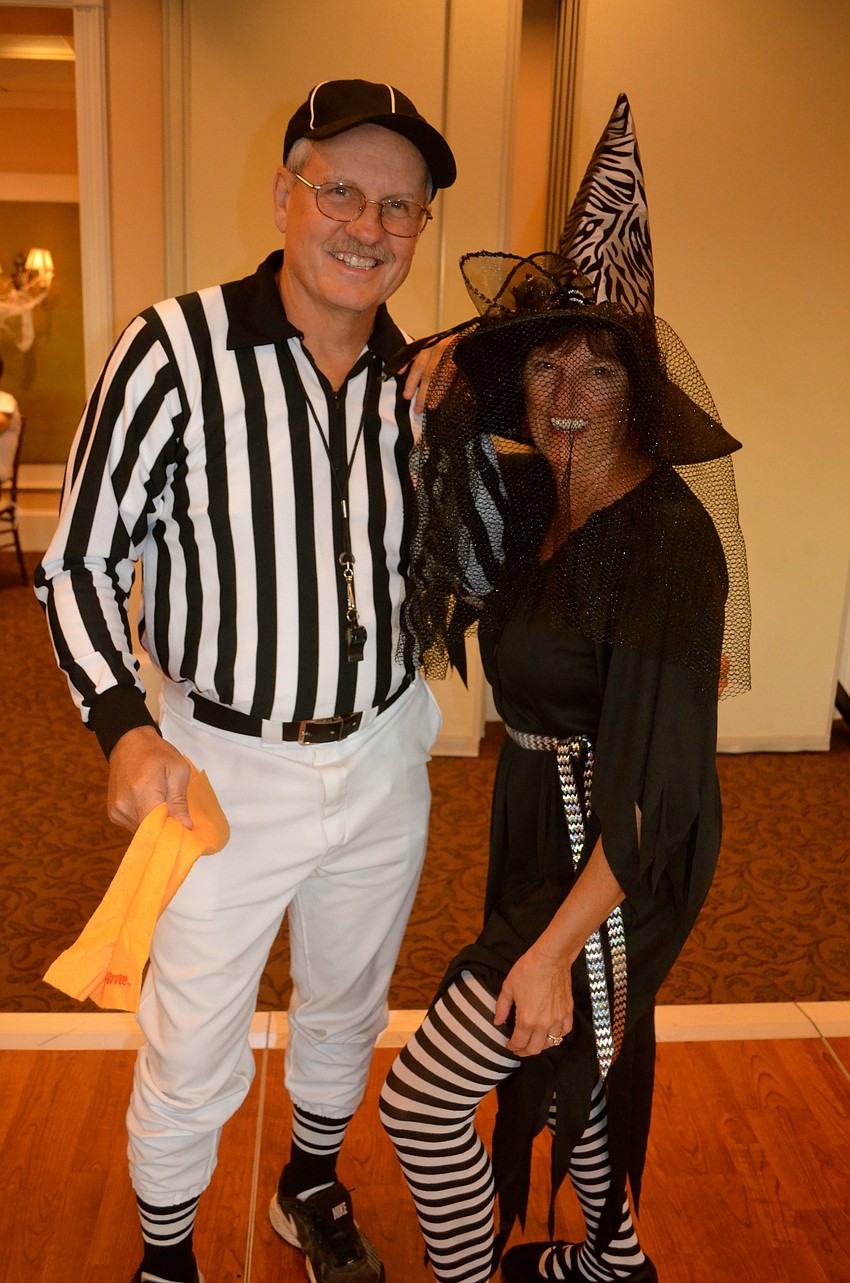 Charlie Whitler throws a yellow (penalty) flag at his wife, Marilyn.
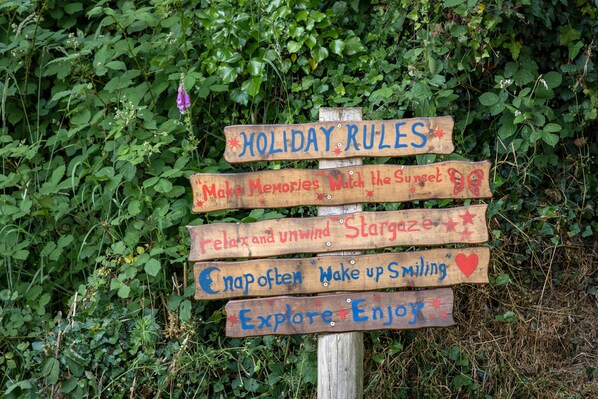 A wooden sign with multiple wooden boards, each with handwritten text and symbols, set against a backdrop of green foliage.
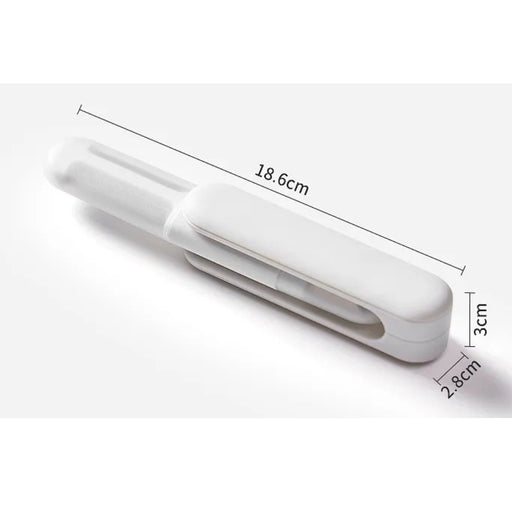 White plastic clip with measurements on a white background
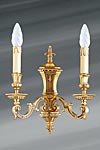 Golden Louis XIV wall lamp with two lights. Lucien Gau. 
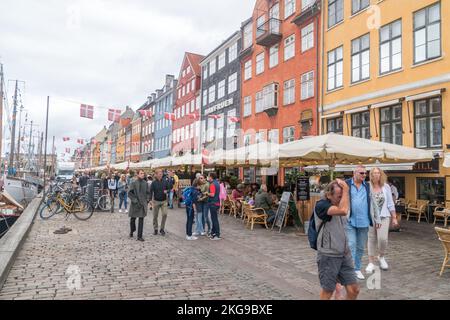 Kopenhagen, Dänemark - 26. Juli 2022: Nyhavn Uferpromenade aus dem 17.. Jahrhundert, voller Touristen. Stockfoto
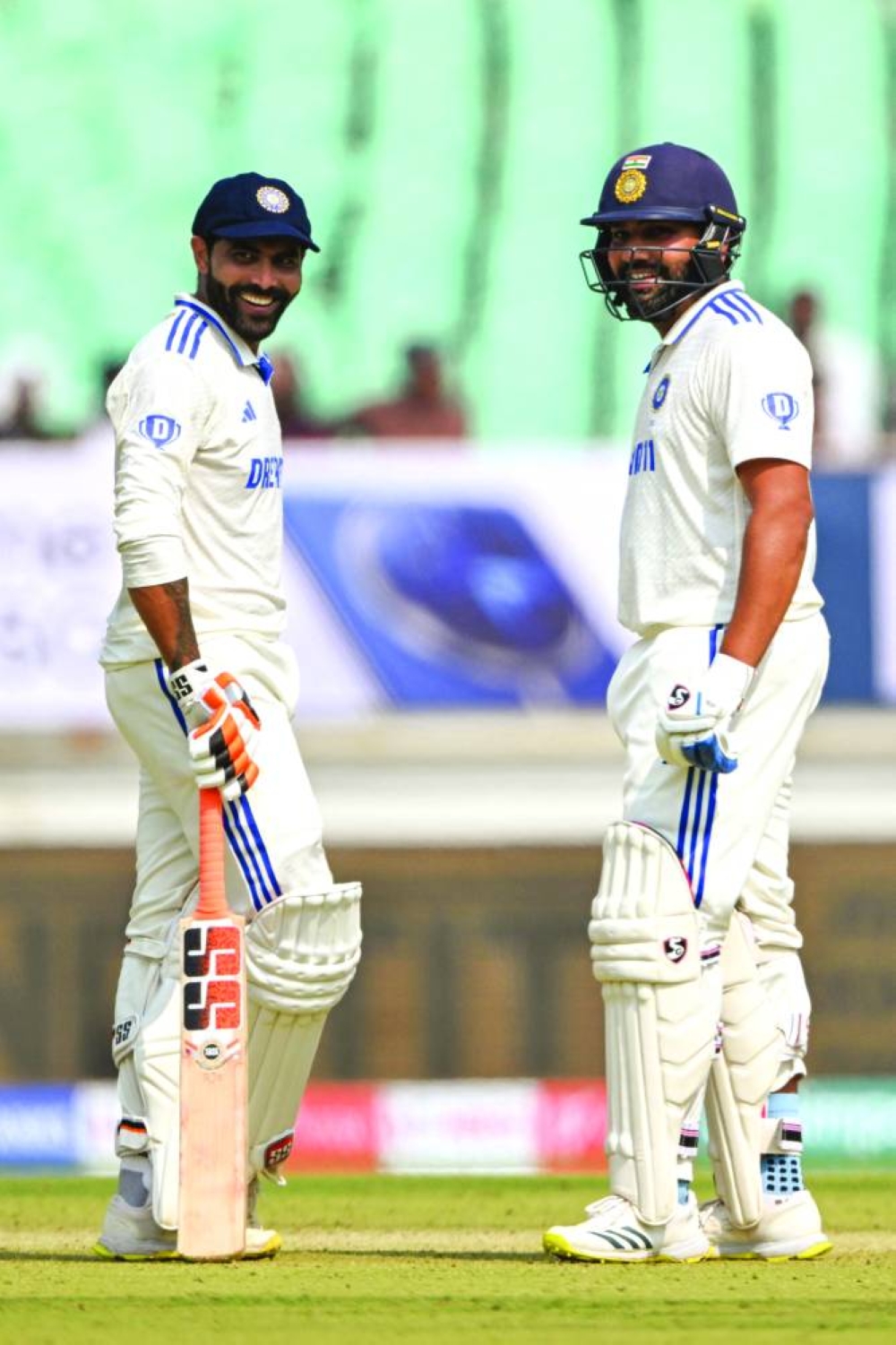 India’s Ravindra Jadeja (left) with captain Rohit Sharma during the first day of the third Test against England in Rajkot on Thursday. (AFP)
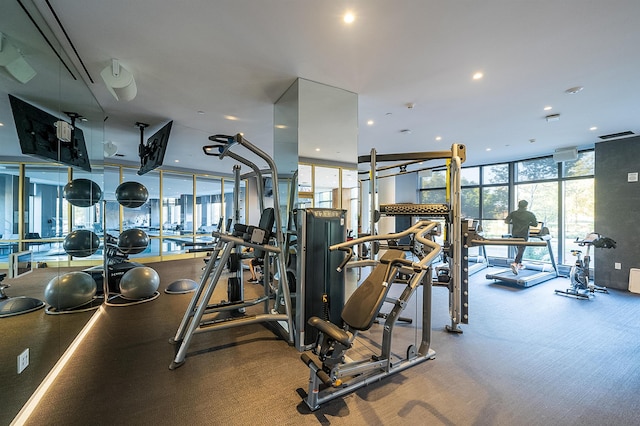 gym with a wall of windows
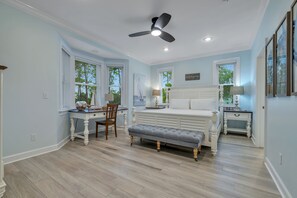 Quarto com cama, escrivaninha e cadeira.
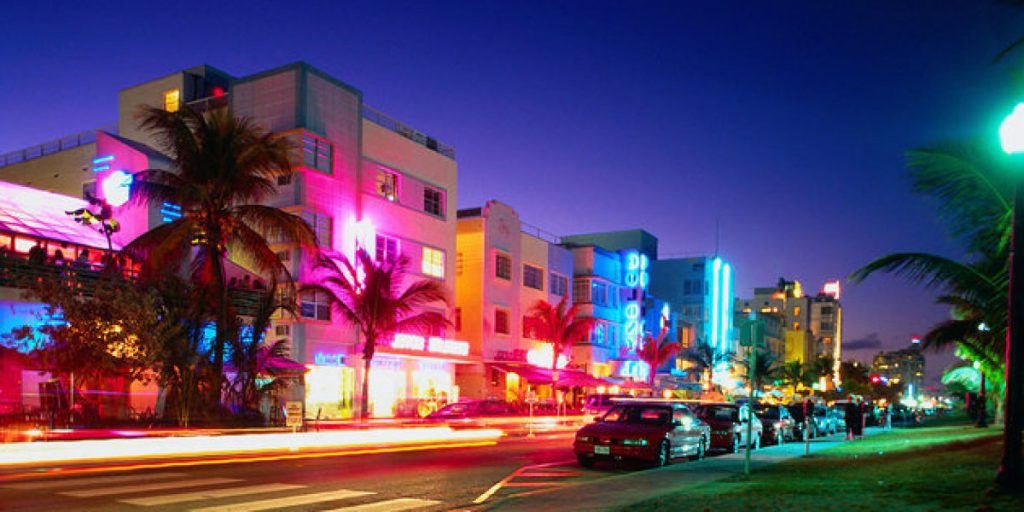 Vista nocturna de Ocean Drive en Miami Beach, con edificios art déco iluminados por luces de neón y autos estacionados en la calle. La escena captura la vibrante vida nocturna del área.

********************

TASK OBJECTIVE
The answer should be an exact restatement of every entry, with the pictures omitted.

OUTPUT FOR THIS EXERCISE
 Charlie Whitler throws a yellow (penalty) flag at his wife, Marilyn.
 A wooden sign with multiple wooden boards, each with handwritten text and symbols, set against a backdrop of green foliage.
 White plastic clip with measurements on a white background
 Golden Louis XIV wall lamp with two lights. Lucien Gau. 
 Kopenhagen, Dänemark - 26. Juli 2022: Nyhavn Uferpromenade aus dem 17.. Jahrhundert, voller Touristen. Stockfoto
 India’s Ravindra Jadeja (left) with captain Rohit Sharma during the first day of the third Test against England in Rajkot on Thursday. (AFP)
 gym with a wall of windows
 Quarto com cama, escrivaninha e cadeira.
 Vista nocturna de Ocean Drive en Miami Beach, con edificios art déco iluminados por luces de neón y autos estacionados en la calle. La escena captura la vibrante vida nocturna del área.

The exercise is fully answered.